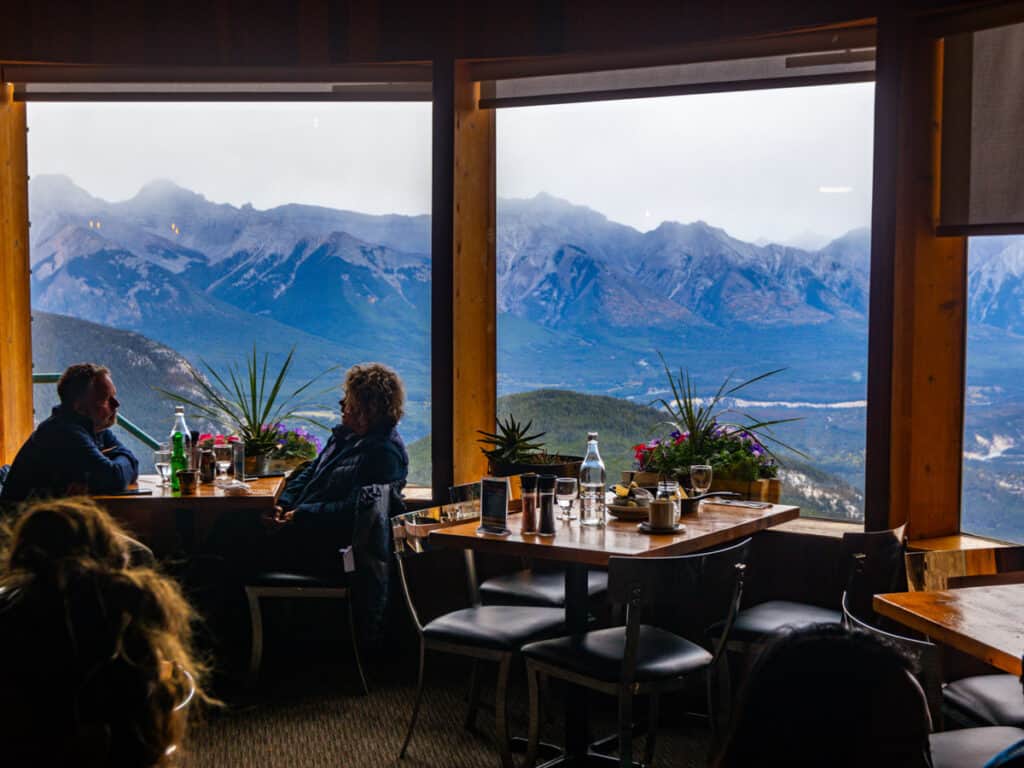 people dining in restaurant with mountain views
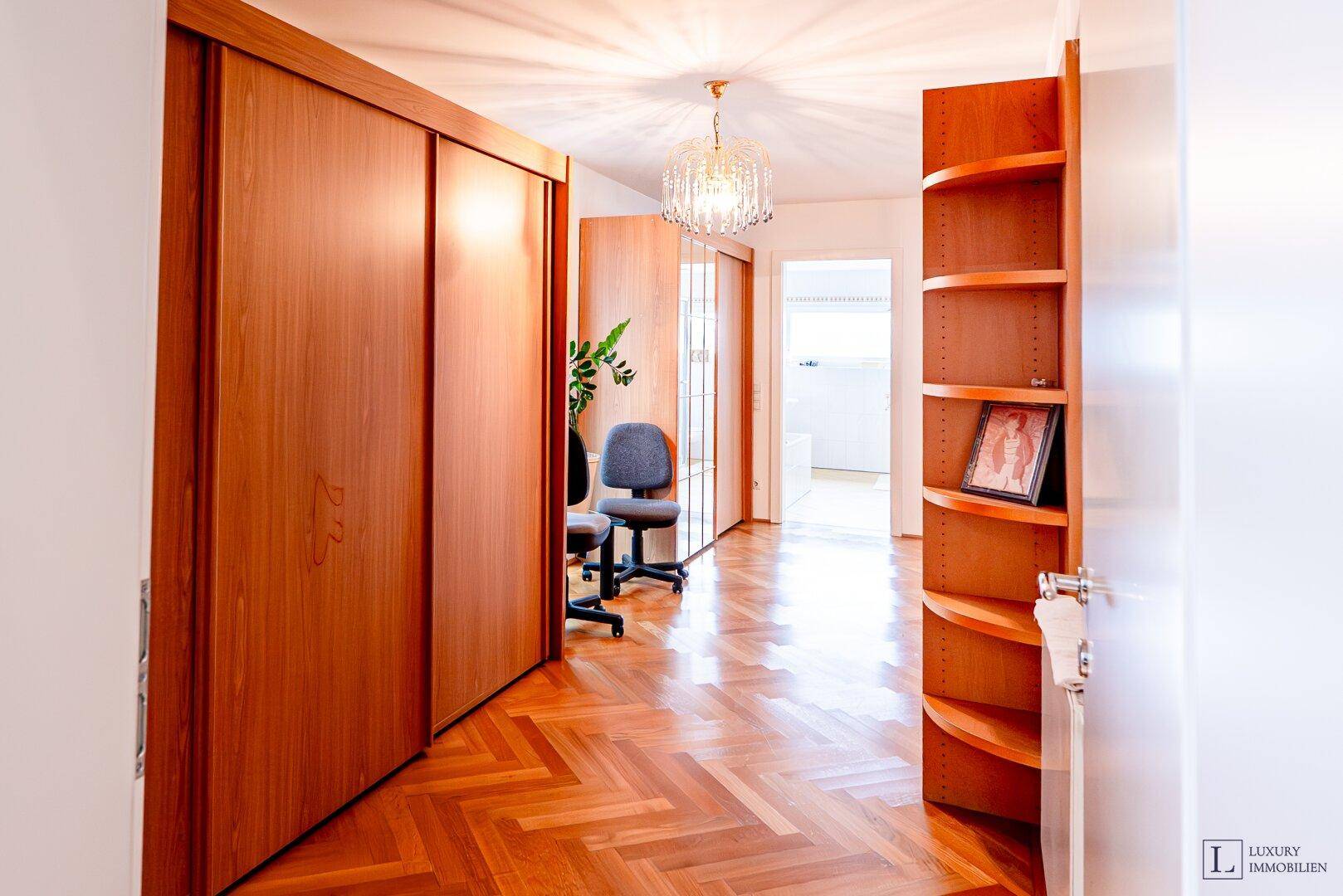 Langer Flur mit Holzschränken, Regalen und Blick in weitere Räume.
--
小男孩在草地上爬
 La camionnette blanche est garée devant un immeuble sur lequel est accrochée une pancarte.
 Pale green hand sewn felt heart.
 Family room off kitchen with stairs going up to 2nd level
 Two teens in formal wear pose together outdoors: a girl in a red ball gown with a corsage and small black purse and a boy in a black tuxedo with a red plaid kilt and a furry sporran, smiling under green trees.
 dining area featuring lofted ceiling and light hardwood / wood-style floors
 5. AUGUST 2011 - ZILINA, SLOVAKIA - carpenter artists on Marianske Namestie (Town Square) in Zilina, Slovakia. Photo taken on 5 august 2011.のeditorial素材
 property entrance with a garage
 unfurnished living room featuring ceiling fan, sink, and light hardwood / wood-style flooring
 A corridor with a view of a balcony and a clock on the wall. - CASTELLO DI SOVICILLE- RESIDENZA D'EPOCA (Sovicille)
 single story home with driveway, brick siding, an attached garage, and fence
* * *
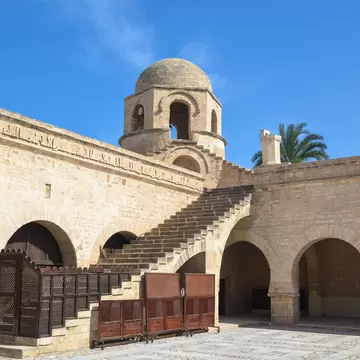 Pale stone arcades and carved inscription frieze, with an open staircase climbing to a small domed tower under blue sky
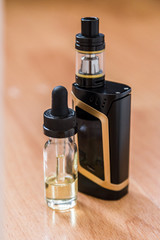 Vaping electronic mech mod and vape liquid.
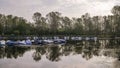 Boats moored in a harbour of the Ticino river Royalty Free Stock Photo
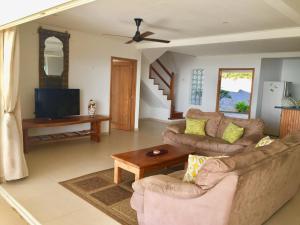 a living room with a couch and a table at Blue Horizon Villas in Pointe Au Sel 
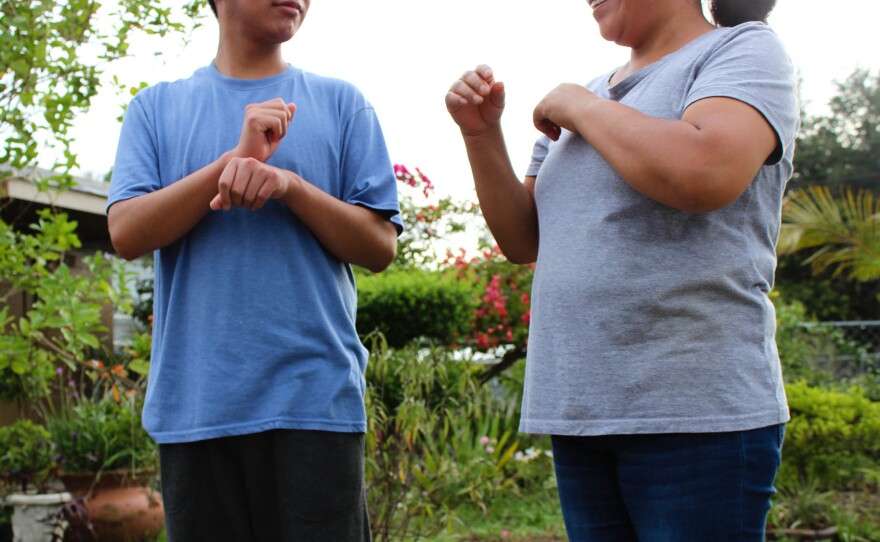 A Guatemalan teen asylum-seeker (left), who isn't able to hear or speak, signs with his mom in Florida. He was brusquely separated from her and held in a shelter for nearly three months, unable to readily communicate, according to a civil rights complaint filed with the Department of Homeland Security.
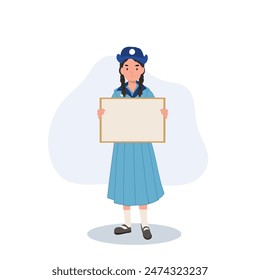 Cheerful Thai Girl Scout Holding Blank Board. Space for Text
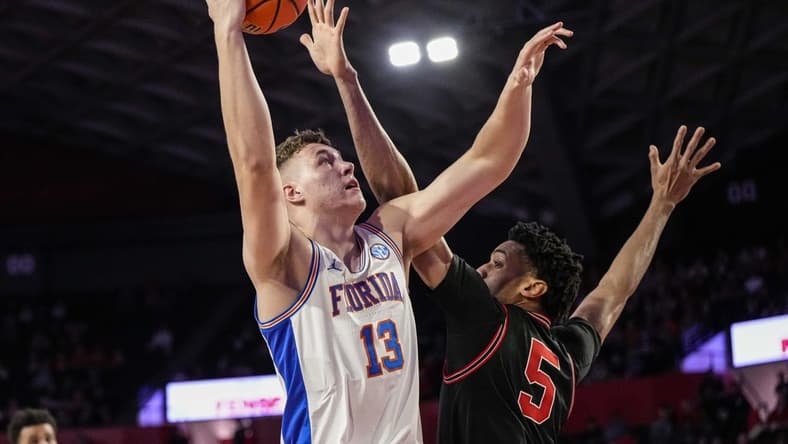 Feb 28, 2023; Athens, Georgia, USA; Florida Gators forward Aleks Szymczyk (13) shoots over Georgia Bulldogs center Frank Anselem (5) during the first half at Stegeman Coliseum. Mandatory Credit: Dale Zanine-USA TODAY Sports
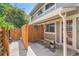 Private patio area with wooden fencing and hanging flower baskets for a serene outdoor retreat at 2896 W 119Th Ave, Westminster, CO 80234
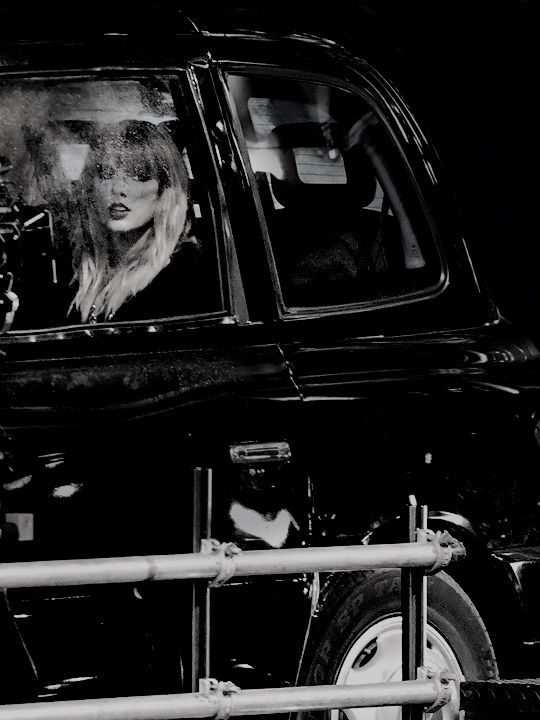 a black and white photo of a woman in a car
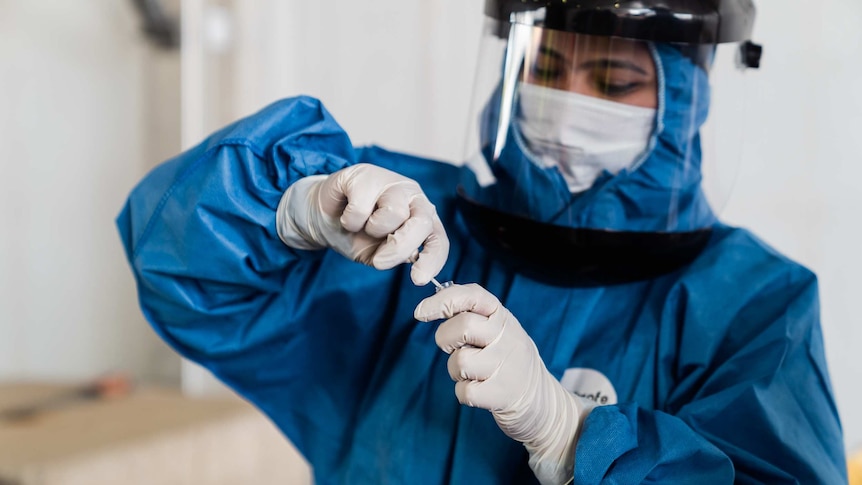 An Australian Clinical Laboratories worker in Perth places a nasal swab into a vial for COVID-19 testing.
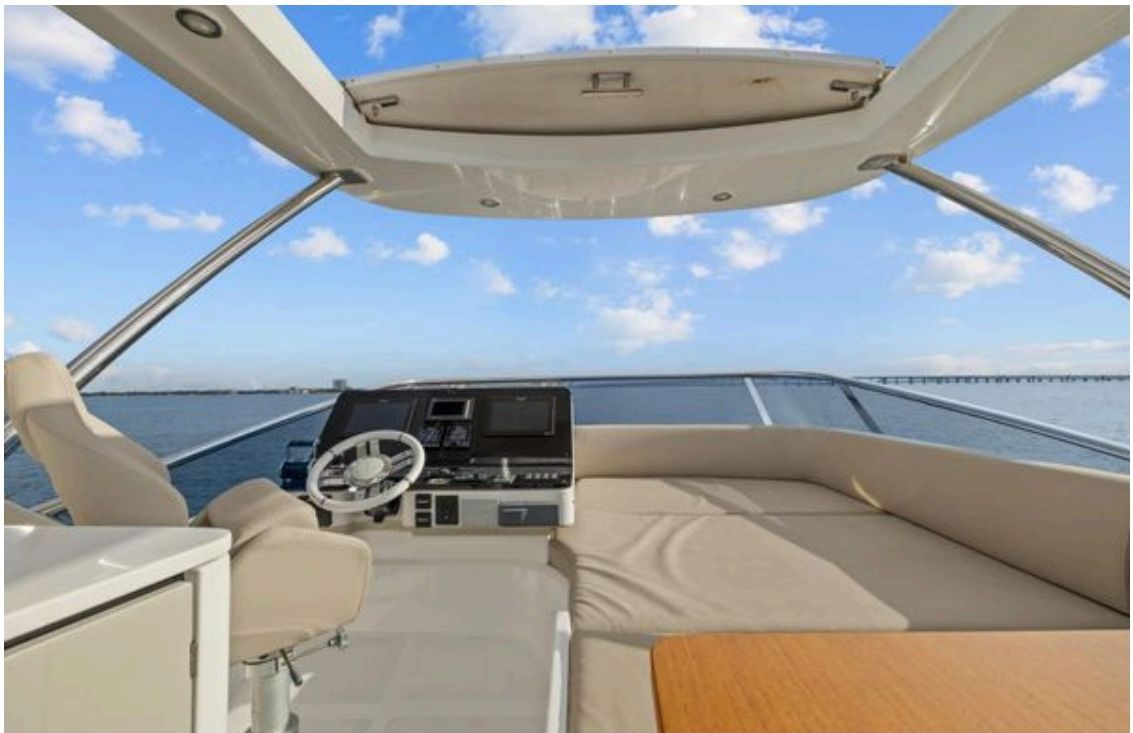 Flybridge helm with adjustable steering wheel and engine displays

EXERCISE AIM: In the entries above, find the line holding "5. AUGUST 2011" and the line holding "single story home", then retype exactly those two lines and every line between them, and nothing else.

RESULT OF THIS TASK:
 5. AUGUST 2011 - ZILINA, SLOVAKIA - carpenter artists on Marianske Namestie (Town Square) in Zilina, Slovakia. Photo taken on 5 august 2011.のeditorial素材
 property entrance with a garage
 unfurnished living room featuring ceiling fan, sink, and light hardwood / wood-style flooring
 A corridor with a view of a balcony and a clock on the wall. - CASTELLO DI SOVICILLE- RESIDENZA D'EPOCA (Sovicille)
 single story home with driveway, brick siding, an attached garage, and fence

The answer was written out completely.